Is Compound Interest the Most Powerful Force
in the Investment Universe?
Recently, I was discussing compound interest and the best time to start investing with a major league baseball player in his mid-20s who was in the office. He had the insight to understand that he will not be able to play baseball for the rest of his life and was seeking advice about whether he should begin investing for retirement.
Because of the benefit of compound interest, which could be for 40 or more years in his case, I recommended he immediately begin making investments for retirement. Before we explore why compound interest is so important, can you envision a day when all millennials are as responsible about their future finances as this young athlete? Imagine That™!

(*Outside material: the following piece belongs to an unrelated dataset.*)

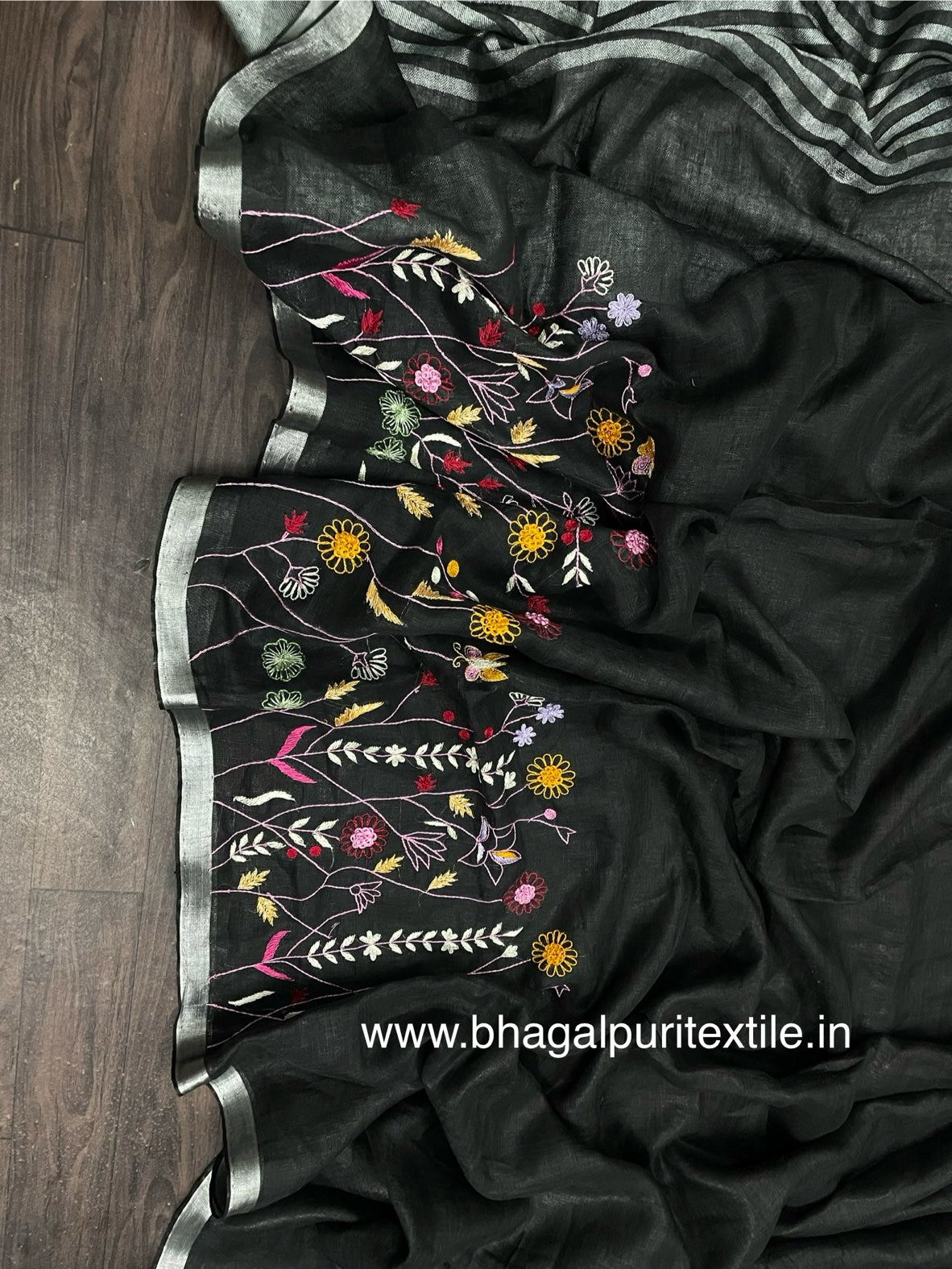 Kala Heritage Linen Saree
( Search Code-1037)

What Does “Compound Interest” Really Mean?
The technical definition of “compound interest” or “compounding interest“ is interest calculated on the initial principal of a deposit (or loan) and also on the accumulated interest of previous periods. Translated: compound interest is “interest on interest.” Compound interest will make your money grow much faster than if you received interest only on the principal amount, which is called “simple interest.”
Here is a graph which compares simple and compound interest and shows why getting “interest on interest” is so – well – interesting! The initial investment is $500,000 for both accounts with an annual interest rate of 6%.

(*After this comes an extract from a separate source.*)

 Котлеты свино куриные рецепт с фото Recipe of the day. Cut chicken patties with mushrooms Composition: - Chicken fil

Simple vs. Compound Interest Chart
The above graph indicates that the simple interest investment earns an additional $30,000 each year ($500,000 x .06) and by year 10, the initial investment of $500,000 has grown to $800,000. The compound interest balance was the same as the simple interest balance in year one, but because it then earned “interest on interest,” it beat the simple interest balance in the remaining years. By year 10, the compound interest balance was more than $95,000 higher than the simple interest rate balance.
An urban legend is that Dr. Albert Einstein once said
“Compound interest is the most powerful force in the universe. He [or she] who understands it, earns it . . . He [or she] who doesn’t . . . pays it.”

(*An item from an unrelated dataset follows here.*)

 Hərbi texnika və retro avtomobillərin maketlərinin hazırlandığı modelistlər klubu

Although Einstein likely did not make this assertion, the sentiment remains true — compound interest is truly an amazing way to increase your savings/investments over time.
Why Starting to Invest in Your 20s is one of the Best Things you can Do?
The following example illustrates why beginning to invest in your 20s is so beneficial. Sally invests $5,000 annually from age 25 to 35. In total, she invests $50,000 ($5,000 x 10). Bill, on the other hand, has a 10-year delay in beginning his investing but makes up for the delay by investing until he retires. Bill invests $5,000 annually from age 35 to 65. In total, Bill invests $150,000 ($5,000 x 30).
Assuming an annual return of 7% for Sally and Bill, who comes out with more money at age 65? Would you believe Sally? Even though Sally only invested for 10 years (versus 30 years for Bill), Sally will have significantly more money saved at age 65. At age 65, Sally will have $1.1 million versus Bill’s $602,000, even though Bill invested $100,000 more than Sally did! The only reason for the difference was that Sally invested earlier than Bill did and compound interest worked its wonders on the $50,000 that Sally initially invested.
The Importance of Long-Term Investment Goals: Start Investing Now
If you are not in your 20s, investing is even more important for your long-term goals. Unfortunately, many people do not understand the importance of long-term investment goals and the urge to start investing now, not next year. They think that by putting off the investment for another year, they are only losing out on that year’s contribution. They fail to recognize that they also lose a year of compounding interest.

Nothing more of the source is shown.